Sec Army McHugh Says No Choice But Accept Apache Transmission Swaps; Line Would Have Shut Down
http://defense.aol.com/2013/04/30/sec-army-mchugh-says-no-choice-but-accept-apache-transmission-sw/
Army Secretary John McHugh gets a briefing at Fort Rucker, Ala., the Army's helicopter center, in March.
Sec Army McHugh Says No Choice But Accept Apache Transmission Swaps; Line Would Have Shut Down
By Sydney J. Freedberg Jr.
Published: April 30, 2013
WASHINGTON: The Secretary of the Army defended today what he admitted was "an unconventional approach" to fielding the service's cutting-edge AH-64E Apache Guardian attack helicopter, saying the only alternative to the current complex workaround would have been to "shut the line down" for a time.
~snip~
"What the hell IS going on?" McHugh interjected when I began to ask him what was up with the new helicopters, sending a ripple of laughter around the table at this morning's Defense Writers' Group breakfast. We've described this process as a shell game. "I might use a different phrasing," McHugh said with a chuckle.
"We were facing a very challenging problem, as you know," he said. "Boeing's subcontractor Northstar (Northstar Aerospace) went bankrupt... It wasn't able to produce the transmissions for the Apache in the kind of timely way that would've been necessary under the contract."
"Frankly, the one option other than the path we're on would've been pretty much to shut the line down," McHugh went on. "That would have killed the delivery of the systems to the Army" -- we presume he means temporarily, until transmission production could catch up -- "and it certainly wouldn't have inured to the economic beneift of either Boeing or the subcontractors' efforts to try to get its fiscal house in order" -- since stopping all work and all payments would make it even harder for Northstar to get back on its feet and making transmissions. "It would've laid off the workers totally," McHugh added.
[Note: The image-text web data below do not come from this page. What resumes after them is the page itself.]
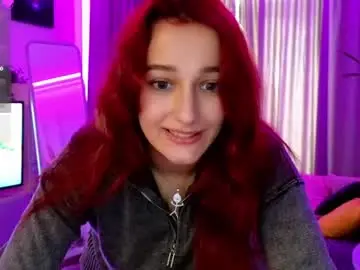 Chaturbate Sex Cam of sinty_noria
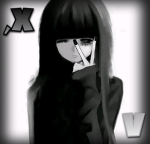 ,xv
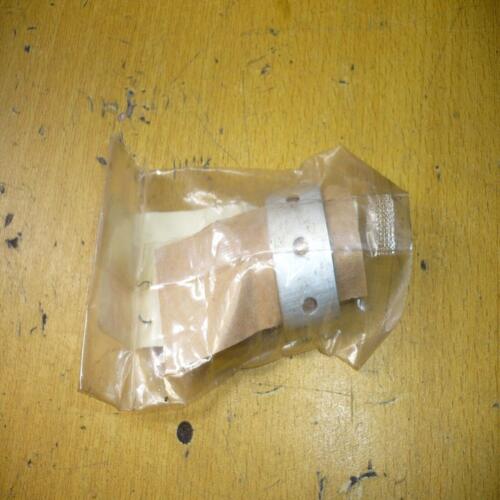 demi coussinet vilebrequin yamaha 4tv-11416-00 yzf 600 r thundercat
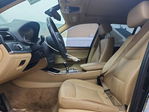 BMW X3 2013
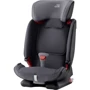 Автокресло BRITAX-ROMER ADVANSAFIX IV M Storm Grey фото 7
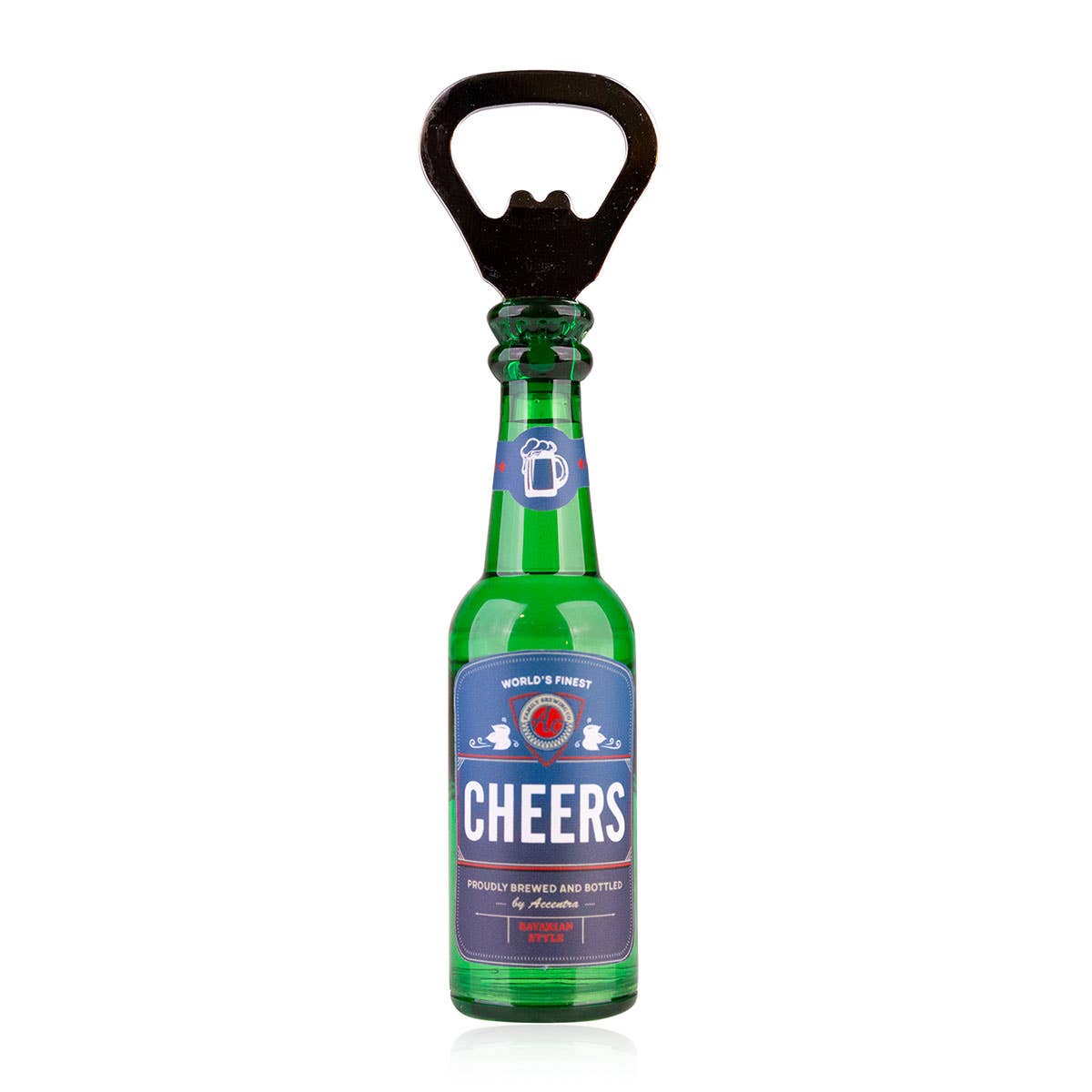 Set regalo MEN'S COLLECTION WINTER EDITION in confezione regalo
And as Congress has told the Army repeatedly when the service suggested shutting down armored vehicle production for a few years and then restarting it, it's often cheaper in the long term to keep a production line "hot," even at the price of short-term inefficiency, than to try to turn it on and off again.
unhappycamper comment: And this explains why Congress keeps ordering crap the military does not want.